What is a Queue Data Structure?
What is a Queue Data Structure?
Queue is also an abstract data type or a linear data structure, just like stack data structure, in which the first element is inserted from one end called the REAR(also called tail), and the removal of existing element takes place from the other end called as FRONT(also called head).
This makes queue as FIFO(First in First Out) data structure, which means that element inserted first will be removed first.
Which is exactly how queue system works in real world. If you go to a ticket counter to buy movie tickets, and are first in the queue, then you will be the first one to get the tickets. Right? Same is the case with Queue data structure. Data inserted first, will leave the queue first.
The process to add an element into queue is called Enqueue and the process of removal of an element from queue is called Dequeue.
Basic features of Queue
- Like stack, queue is also an ordered list of elements of similar data types.
- Queue is a FIFO( First in First Out ) structure.
- Once a new element is inserted into the Queue, all the elements inserted before the new element in the queue must be removed, to remove the new element.
peek( )
function is oftenly used to return the value of first element without dequeuing it.
Applications of Queue
Queue, as the name suggests is used whenever we need to manage any group of objects in an order in which the first one coming in, also gets out first while the others wait for their turn, like in the following scenarios:
- Serving requests on a single shared resource, like a printer, CPU task scheduling etc.
- In real life scenario, Call Center phone systems uses Queues to hold people calling them in an order, until a service representative is free.
- Handling of interrupts in real-time systems. The interrupts are handled in the same order as they arrive i.e First come first served.
Implementation of Queue Data Structure
Queue can be implemented using an Array, Stack or Linked List. The easiest way of implementing a queue is by using an Array.
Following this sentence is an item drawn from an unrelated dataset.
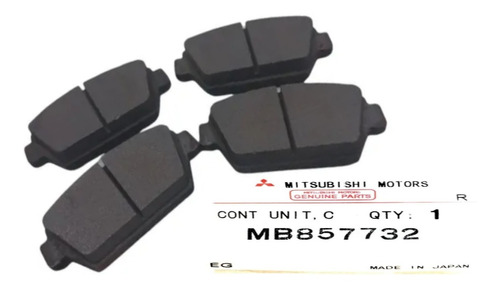 Pastillas De Freno Traseras Mitsubishi Mf Mx Ms Motor 2.0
Initially the head(FRONT) and the tail(REAR) of the queue points at the first index of the array (starting the index of array from
0
). As we add elements to the queue, the tail keeps on moving ahead, always pointing to the position where the next element will be inserted, while the head remains at the first index.
When we remove an element from Queue, we can follow two possible approaches (mentioned [A] and [B] in above diagram). In [A] approach, we remove the element at head position, and then one by one shift all the other elements in forward position.
In approach [B] we remove the element from head position and then move head to the next position.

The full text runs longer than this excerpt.